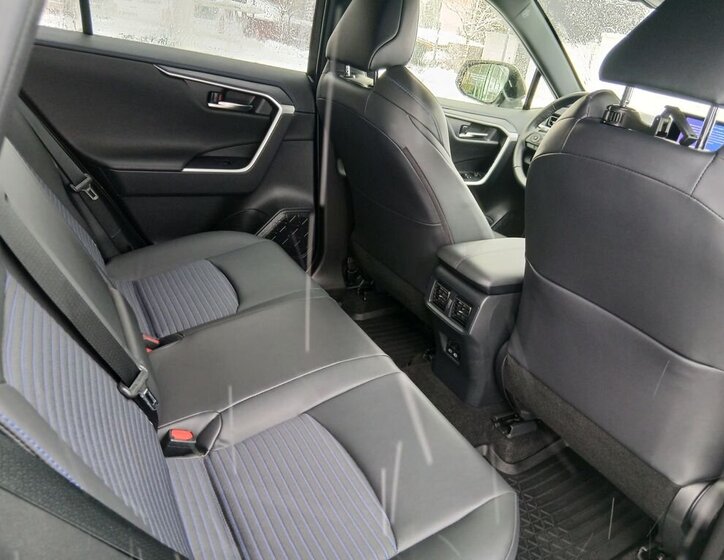 Toyota RAV4 SUV 2,5 l 131 kw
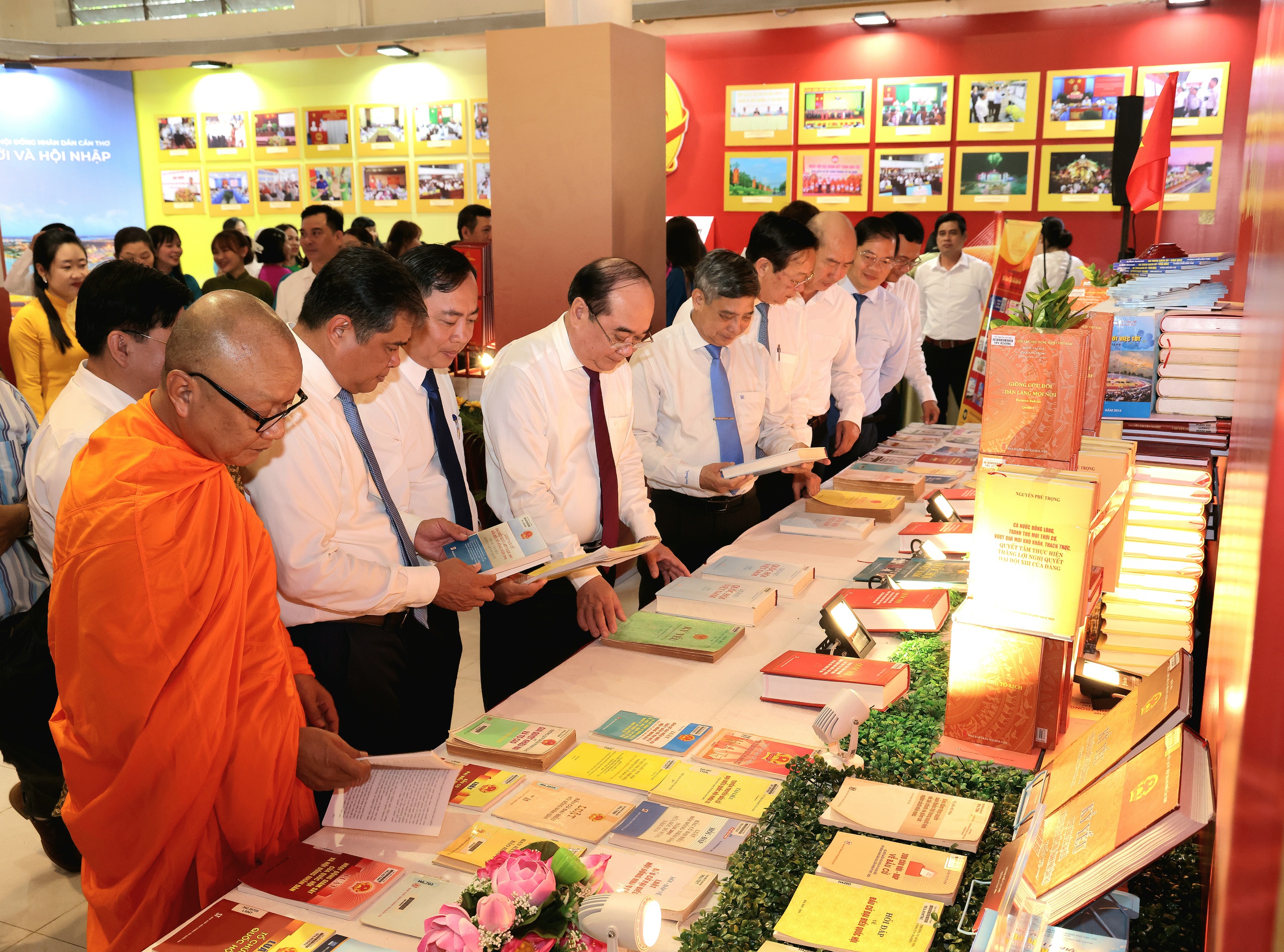 Cần Thơ trưng bày nhiều tư liệu, sách về bầu cử Quốc hội và HĐND - Ảnh 4.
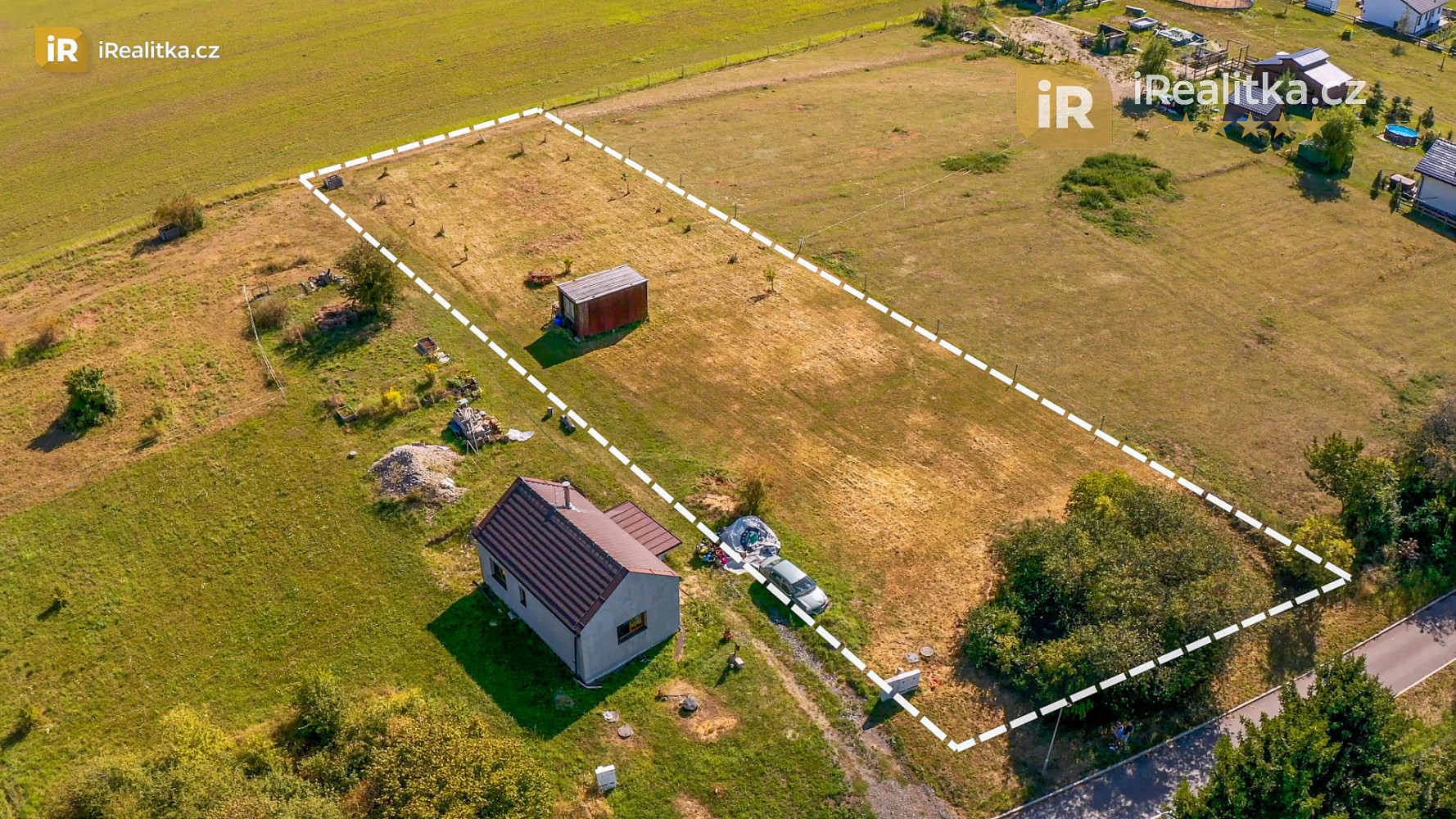Prodej stavebního pozemku 1 910 m²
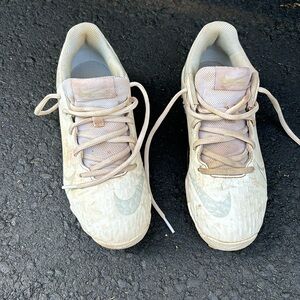 Girls softball cleats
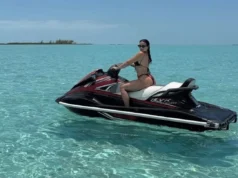Demi Lovato comemora 34º aniversário em biquíni colorido durante fuga nas Bahamas Demi Lovato celebrates 34th birthday in colorful string bikini during Bahamas getaway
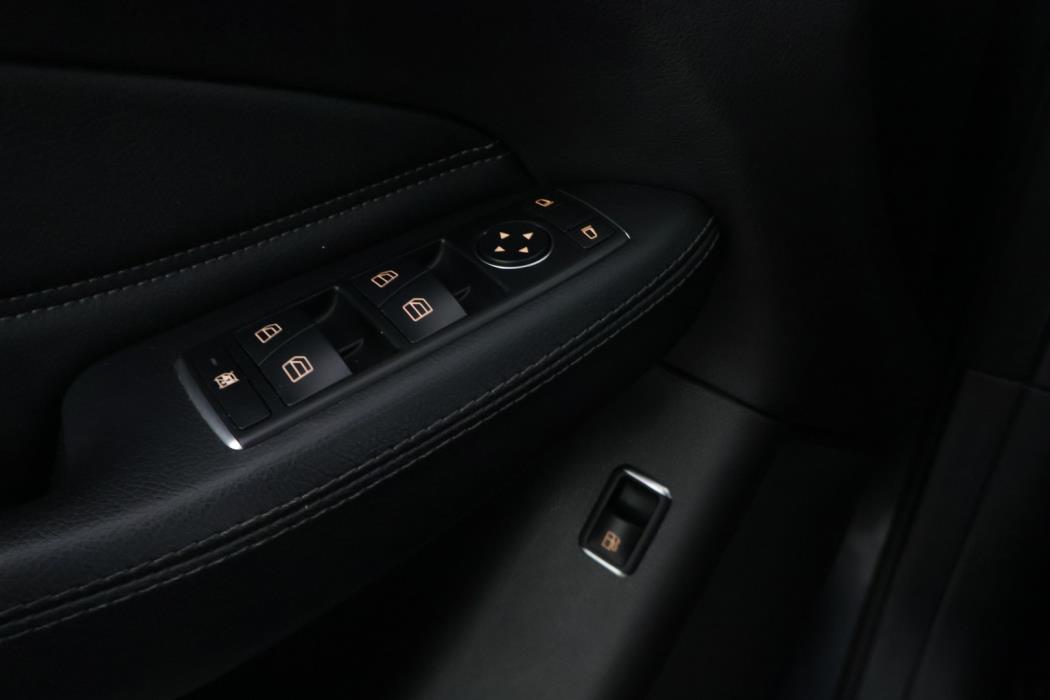 MERCEDES-BENZ GLE 2016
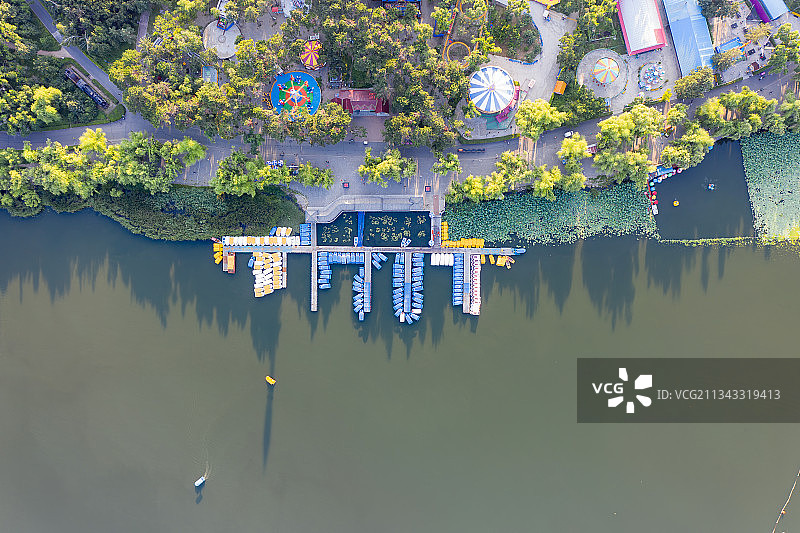 南湖公园湖边游乐场码头游船舶俯拍图片素材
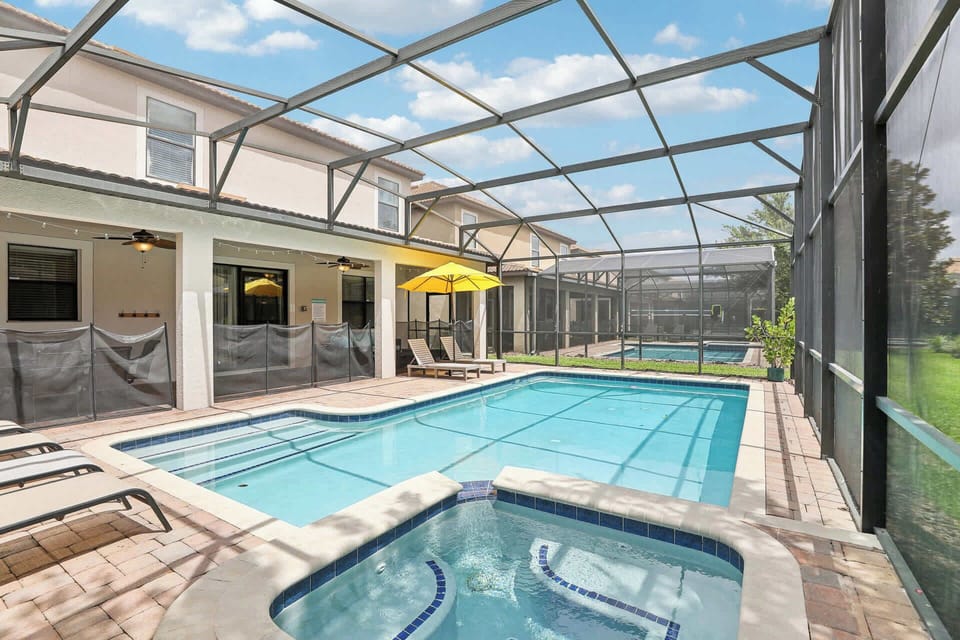 Private swimming pool with jacuzzi 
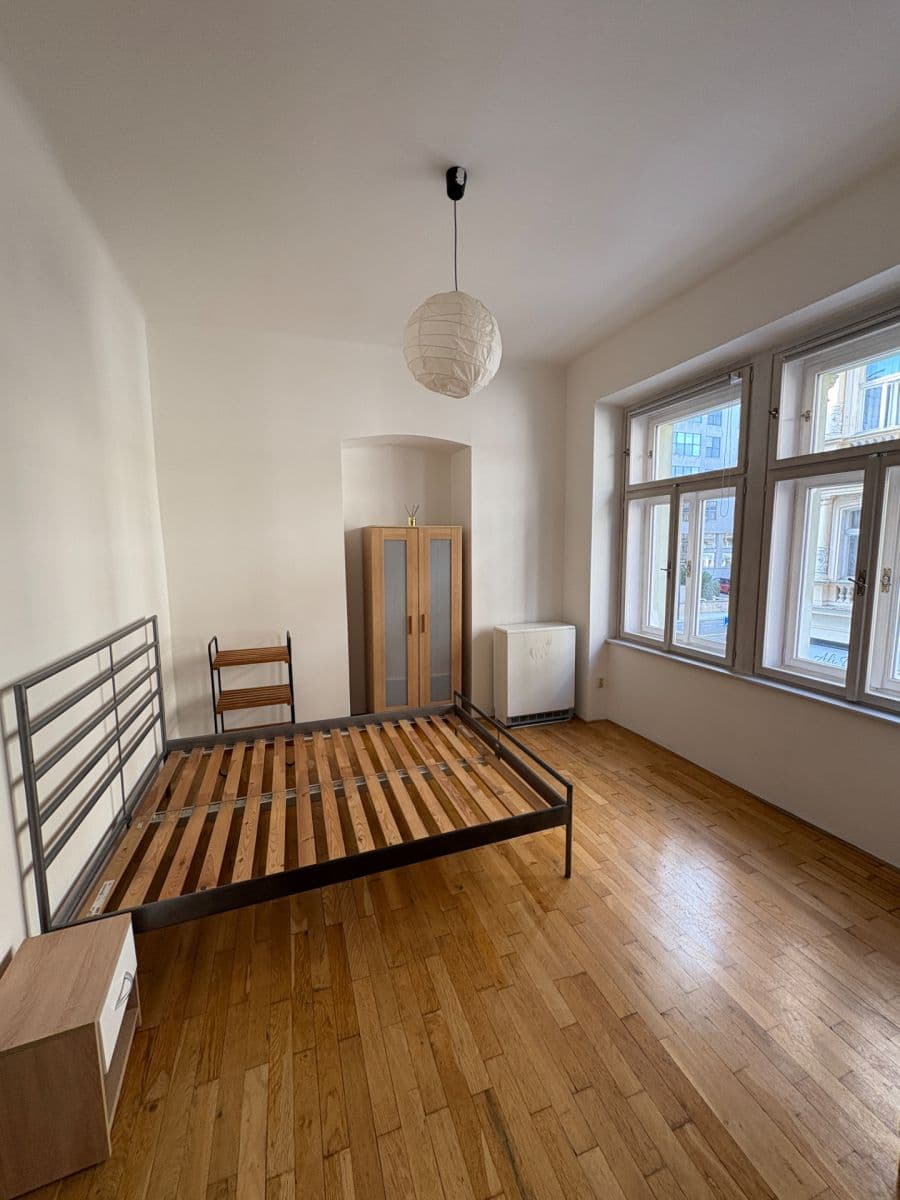1 bedroom flat to rent, 35 m², Dukelských hrdinů, Prague, Prague 1 bedroom flat to rent, 35 m², Dukelských hrdinů, Prague, Prague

**Problem description:**
For this exercise, reproduce exactly the lines of the records above from the one with "Demi Lovato comemora" up to and including the one with "Private swimming pool with jacuzzi", without pictures.

**Exercise solution:**
Demi Lovato comemora 34º aniversário em biquíni colorido durante fuga nas Bahamas Demi Lovato celebrates 34th birthday in colorful string bikini during Bahamas getaway
 MERCEDES-BENZ GLE 2016
 南湖公园湖边游乐场码头游船舶俯拍图片素材
 Private swimming pool with jacuzzi 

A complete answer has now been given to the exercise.